常世と現世の存在理由について

常世(とこよ)と現世(うつしよ)の存在理由及び関係性について考察するブログです。

父が死んだ時に考えたこと

父の死

大学2年の終わりころに、父ががんになった。

その後、1年半の闘病ののち、大学4年の夏、父は死んだ。

その間に考えたことを書こうと思う。

父ががんになったと母から聞かされた時、私はぽろぽろと涙が出て止まらなかった。

それから、亡くなるまでに色々なことを考え、父の死を正当化したり、決して死ぬはずがないといった理由を考えたりした。

もともと、小学生高学年ころから、死については度々実感しては怖がっていたような子供だった。自分が本当に死んでこの世の中からいなくなることを客観的にではなく、主観的に考え、すごく怖くておびえていたように思う。

しかし、生活は父もおり、母もおり、兄弟もいるという、いたって平穏な家庭だっただけに、父ががんになったということに対応できず、父の苦しみや死に対する恐怖を考えると、どうしょうもなく辛く、毎日、死についてばかり考えていた。

死の正当化

宇宙には有と無があり、有があるからいろいろな悲しみや苦しみがある(楽しいことも有である)。したがって、世の中全てが幸せ(平穏)になるには、全てが無になるのがいい。だから、死は究極の幸せなのだ、と考えるようになった。例えば、世の中で仕事に成功し裕福になるなど最も幸せになったときに、さらなる理想を追い求め自殺するのが最高の幸せだと思っていた。逆に、世の中が苦しい、今の生活がつらいので死ぬということは、ただ単に現実から逃げたいと考えているだけのことで、不幸だから死ぬということは意味不明なことで誤っており、最高に幸せな時にこそ、理想を求めて、死ぬのが最も幸せで心の平穏が訪れると考えていた。(常世や霊について研究している今はそのような考えは誤りではないかと考えている、当時は視野の狭い唯物論の観点でのみ死について考えていたので、このような理論に至ってしまったのだと思う)

また、いわゆるアキレスの亀と同じ考えで、父はがんで死に近づくが、その死ぬ瞬間は永遠に縮まるばかりで、死ぬ瞬間には永遠に到達しないので、父は永久に死ぬことはないなどといったことも考えたりもした。

書籍も、芥川龍之介太宰治全集、フロイト精神分析学関係の本、ショーペンハウアーの意志と表象としての世界など、今から考えると厭世主義よりの本や心理学などの本を多く読んでいたように思う。

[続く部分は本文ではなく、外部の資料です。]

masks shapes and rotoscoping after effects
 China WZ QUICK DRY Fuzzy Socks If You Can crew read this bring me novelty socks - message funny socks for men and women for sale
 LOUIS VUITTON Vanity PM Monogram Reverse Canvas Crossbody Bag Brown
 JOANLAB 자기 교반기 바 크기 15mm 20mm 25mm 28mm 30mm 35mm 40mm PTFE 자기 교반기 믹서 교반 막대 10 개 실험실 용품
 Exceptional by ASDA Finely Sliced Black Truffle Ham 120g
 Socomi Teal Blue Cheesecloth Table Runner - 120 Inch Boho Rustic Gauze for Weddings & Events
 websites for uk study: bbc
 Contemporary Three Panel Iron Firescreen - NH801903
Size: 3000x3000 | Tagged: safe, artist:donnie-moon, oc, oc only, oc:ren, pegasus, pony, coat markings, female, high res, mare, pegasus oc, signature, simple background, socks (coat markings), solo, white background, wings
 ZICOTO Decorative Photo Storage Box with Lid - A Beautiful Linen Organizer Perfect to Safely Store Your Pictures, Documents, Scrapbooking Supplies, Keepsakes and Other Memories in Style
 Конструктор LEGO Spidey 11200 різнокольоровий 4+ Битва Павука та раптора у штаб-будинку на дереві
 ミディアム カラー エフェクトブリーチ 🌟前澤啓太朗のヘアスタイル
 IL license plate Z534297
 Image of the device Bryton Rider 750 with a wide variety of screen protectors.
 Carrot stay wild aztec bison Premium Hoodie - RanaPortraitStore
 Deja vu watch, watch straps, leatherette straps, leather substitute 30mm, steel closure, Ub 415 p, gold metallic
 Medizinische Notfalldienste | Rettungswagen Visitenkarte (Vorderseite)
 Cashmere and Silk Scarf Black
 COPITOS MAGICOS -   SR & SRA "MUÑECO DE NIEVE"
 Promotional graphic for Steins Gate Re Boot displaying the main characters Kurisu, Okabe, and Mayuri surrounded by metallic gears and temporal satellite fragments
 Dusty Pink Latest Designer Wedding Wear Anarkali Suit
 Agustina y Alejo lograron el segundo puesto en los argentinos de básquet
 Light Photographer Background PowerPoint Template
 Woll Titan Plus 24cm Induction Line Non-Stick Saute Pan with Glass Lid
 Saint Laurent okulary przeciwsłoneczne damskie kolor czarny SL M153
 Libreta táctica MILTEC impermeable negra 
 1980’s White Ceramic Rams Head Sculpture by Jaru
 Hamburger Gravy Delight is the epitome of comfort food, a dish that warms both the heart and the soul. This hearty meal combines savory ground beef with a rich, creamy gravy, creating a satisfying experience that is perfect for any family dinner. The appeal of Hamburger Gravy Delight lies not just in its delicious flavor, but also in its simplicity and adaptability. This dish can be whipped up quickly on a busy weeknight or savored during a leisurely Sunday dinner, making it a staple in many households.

日に日に父は衰弱していき、そのような姿を見ていて、辛さが限界に近づき、この辛さが消えないものかと考え、痛みで悲しみが消えるかもしれないと思い、腕部分を刃物で3~4センチ程度切ってみたが、血が出るのみで、なぜか痛みはほとんど感じず、苦しみは全く消えなかった。

そして冷酷に時間が過ぎ、父は死んだ。母を悲しませたくないため、死ぬことはしなかった。

その後、仕事に就き、結婚し、家庭を持ち、子供ができたが、そのころには、家族のため死ぬことはできないと考えるようになり、普通の生活を送っていたが、母ががんでなくなり、これを契機に常世と現世、霊について研究をすることになったのです。